過去にもマジックの思い出話はいろいろとしてきたが、今回は20年前の世界選手権後のお話。2000年の世界選手権で上位に入賞したデッキの中から選ばれた4つは構築済みデッキとして製品化され販売された。これらのデッキに含まれるカードは裏面のデザインが特別仕様で枠の色も金色という、公式戦では使用できないものではあるものの、同様のデッキ同士で対戦する上では特に問題はなく、レア・カードを手に入れにくい中学生にとっては気軽に世界最高峰の舞台で争ったデッキをプレイできるというのはありがたいことだった。
同トーナメントの優勝者であるジョン・フィンケル/Jon Finkelの「ティンカー」デッキが一番人気であることは言うまでもなかったが、僕はそれと併せてニコラ・ラバール/Nicolas Labarreが使用したデッキも手に入れたのだった。
このラバールのデッキがその複雑怪奇な勝ち筋をたどるデッキである。「キメラ」と名付けられたこのデッキは、その名にふさわしくさまざまなカードが組み合わさることで形成されている。
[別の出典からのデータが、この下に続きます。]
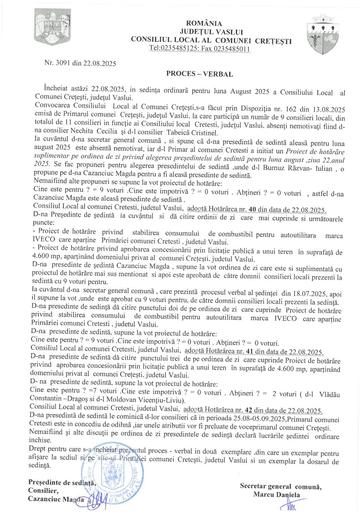Proces verbal sedinta CL luna august 2025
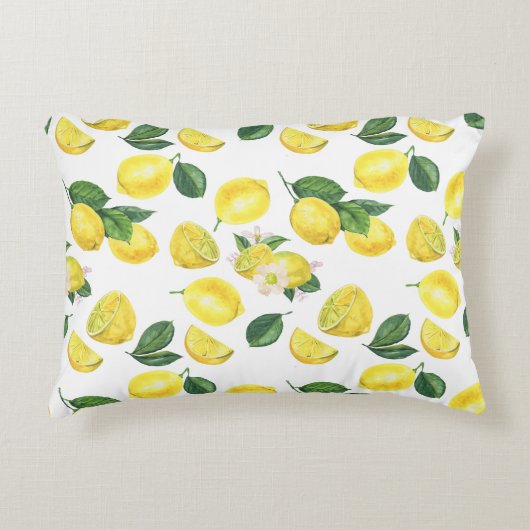イエローレモン水彩果実模様 アクセントクッション (正面)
それではリストをご覧いただこう。
8 《森》 4 《低木林地》 3 《真鍮の都》 2 《スランの採石場》 2 《ファイレクシアの塔》 2 《高級市場》 -土地(21)- 4 《極楽鳥》 4 《ラノワールのエルフ》 4 《ティタニアの僧侶》 4 《アカデミーの学長》 1 《セラのアバター》 -クリーチャー(17)- |
4 《悟りの教示者》 4 《菌獣の群落》 4 《アシュノッドの供犠台》 4 《繁殖力》 1 《研磨石》 1 《ヨーグモスの意志》 1 《再誕のパターン》 1 《蛇かご》 1 《押収》 1 《ヨーグモスの取り引き》 -呪文(22)- |
1 《弱者の石》 1 《絶対の法》 1 《防御の光網》 1 《浄化の印章》 1 《オーラの破れ目》 1 《魔力流出》 1 《レイモスの心臓》 3 《ハルマゲドン》 1 《日中の光》 1 《パララクスの波》 1 《ファイレクシアの処理装置》 1 《崇拝》 1 《猛火》 -サイドボード(15)- |
このデッキのキーカードは3つ。《菌獣の群落》《繁殖力》《アシュノッドの供犠台》だ。
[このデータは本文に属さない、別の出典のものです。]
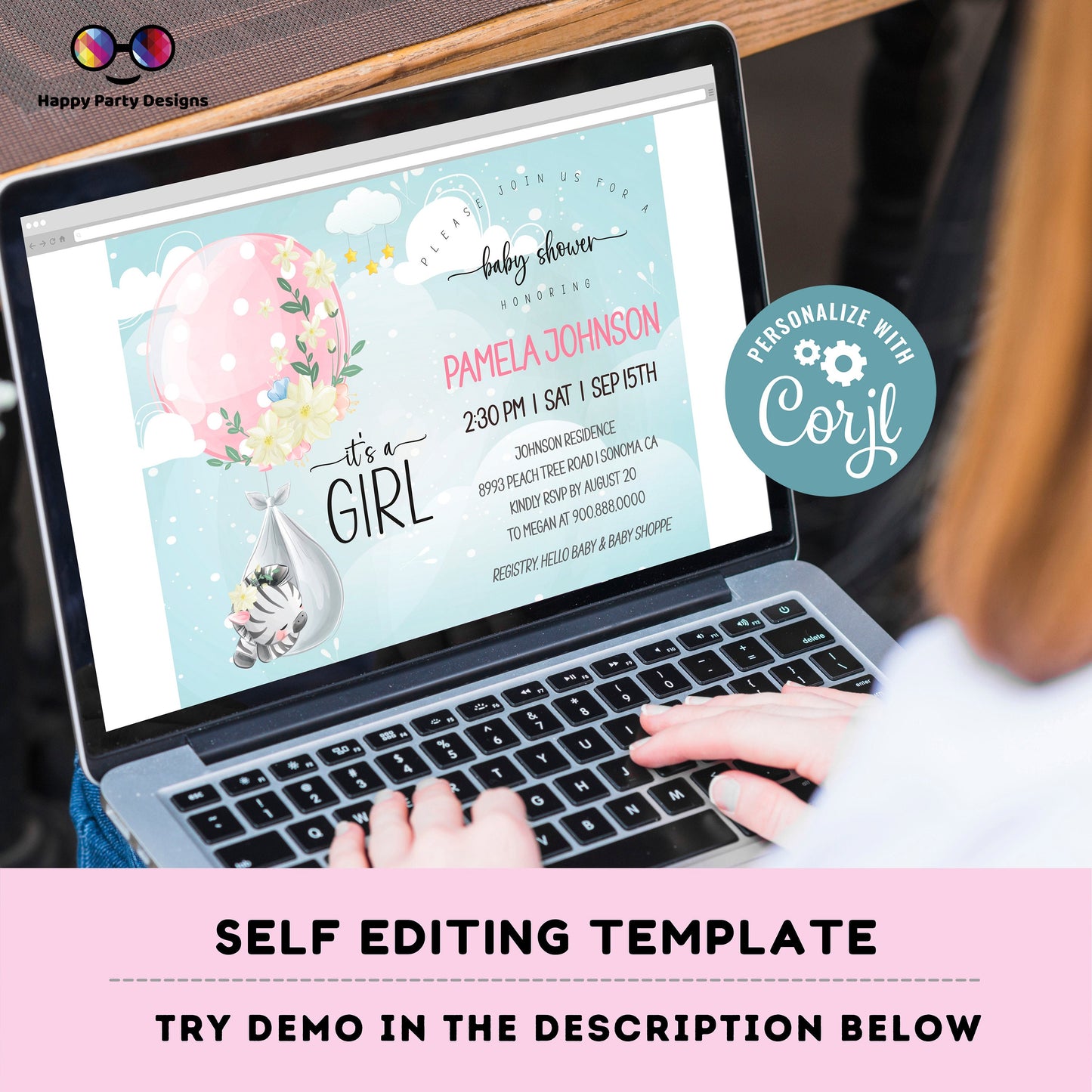 EDITABLE Baby zebra shower invitation | Zebra Invitation | Baby Shower | Instant Download | Baby girl | Safari baby shower #B24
この3枚が戦場に並ぶとコンボとなる。以下に手順をまとめよう。
- {1}を支払って《菌獣の群落》を起動し、苗木・トークンを得る
- 苗木を《アシュノッドの供犠台》で生け贄に捧げ、{C}{C}を加える
- 苗木が死亡したので《繁殖力》が誘発、カードを1枚引く
- 引いたカードを捨て、{C}を支払って《菌獣の群落》を起動する。
- 以下繰り返し。
このループを形成することで、好きなだけの{C}を生み出すことが可能となる。ライブラリーを引ききったらそこでループが終わってしまいそうだが、そこは《セラのアバター》で解決。
あらゆる領域から墓地に落ちた際にライブラリーに戻るという能力を持っているので、アバターを捨ててアバターを引くということを繰り返せば無限にマナを生産できる。
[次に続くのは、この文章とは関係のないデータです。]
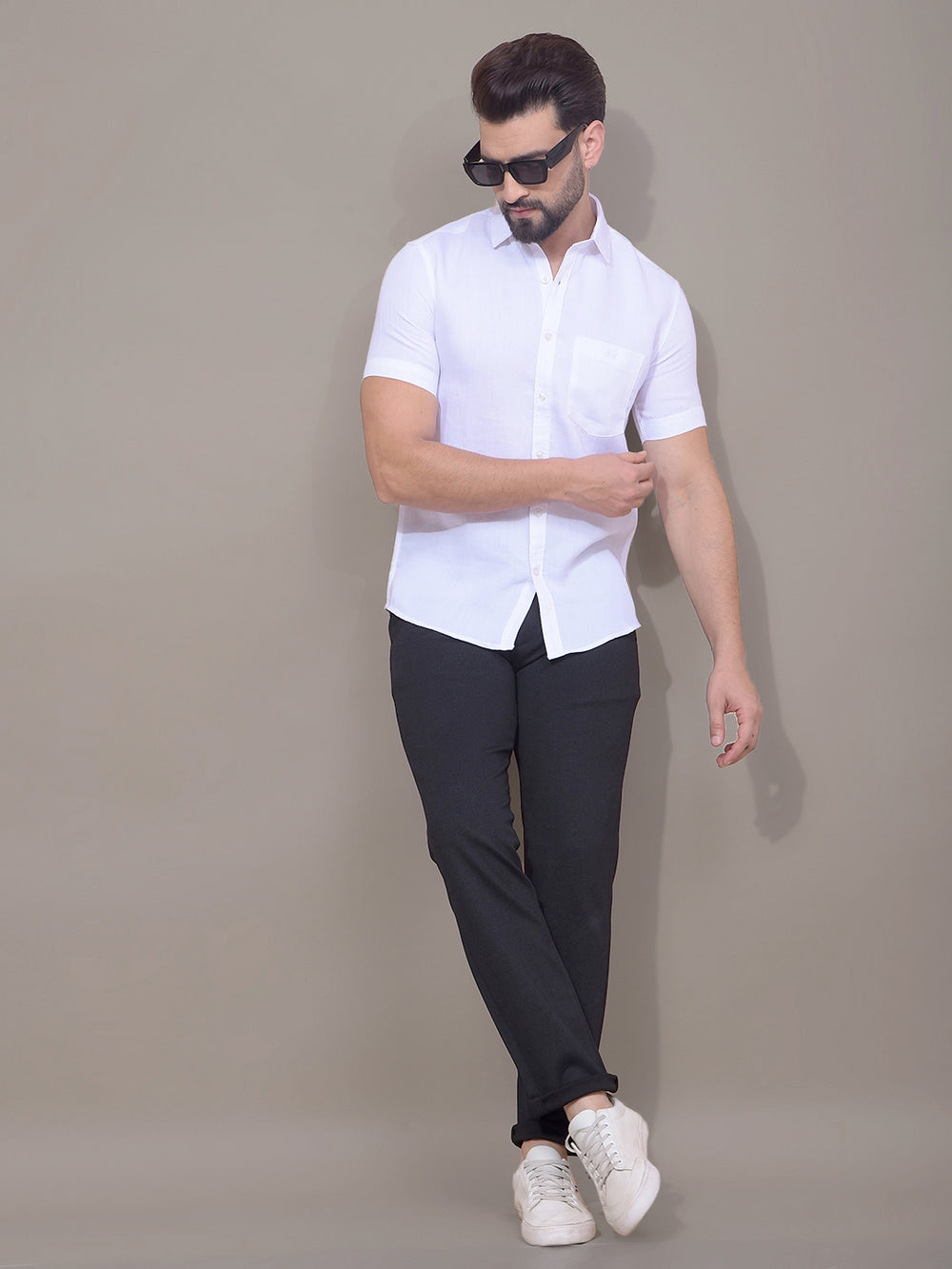 White Printed Shirt-Men Shirts-Crimsoune Club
このマナを使って《蛇かご》か《研磨石》を起動し、大量の蛇で圧殺するかライブラリーを空にしてドローできなくさせて勝つのである。
何の説明もなしにこのデッキを渡されてこのコンボを決められるだろうか? 中学生の僕にはなかなか難しい問題であった。
このデッキの面白いところは、上記のパーマネント3種以外にも勝ち手段がある点。3種のパーツすべてにアクセス可能な《悟りの教示者》と、うち2種はエンチャントなので《アカデミーの学長》をサーチ手段として用いるのだが、これを利用して他のエンチャントでも勝ちに行くのだ。
相手が強力なパーマネントを出して来たら《押収》し、手札が切れたところから《ヨーグモスの取り引き》で猛チャージして《菌獣の群落》からトークン大量展開で殴り勝つのも良い。
一番わかりやすいのは《再誕のパターン》コース。
死亡するとエンチャントを持ってこられる《アカデミーの学長》を生け贄に捧げるために《高級市場》《ファイレクシアの塔》を用いるのだが、これを使って《再誕のパターン》を貼り付けたクリーチャーを墓地に落として、《再誕のパターン》の能力を誘発させて《セラのアバター》を戦場に降臨させるのだ。ライフに余裕がある状況下で除去が弱い相手には、これで虚を突くのだ。
苗木無限マナもアバター高速展開も、どちらも対戦相手の予想だにしない角度から一撃だったことだろう。この独創性迸るリストで世界選手権トップ8という偉業を成し遂げているのにはただひたすらに恐れ入るばかりだ。
さあ、今週紹介したデッキを見て奇襲的なデッキを組みたくなったのであれば、思いついたアイディアをどんなものでも良いから形にしてみよう。明日のビックリドッキリデッキを組み上げるのは君かもしれないのだから。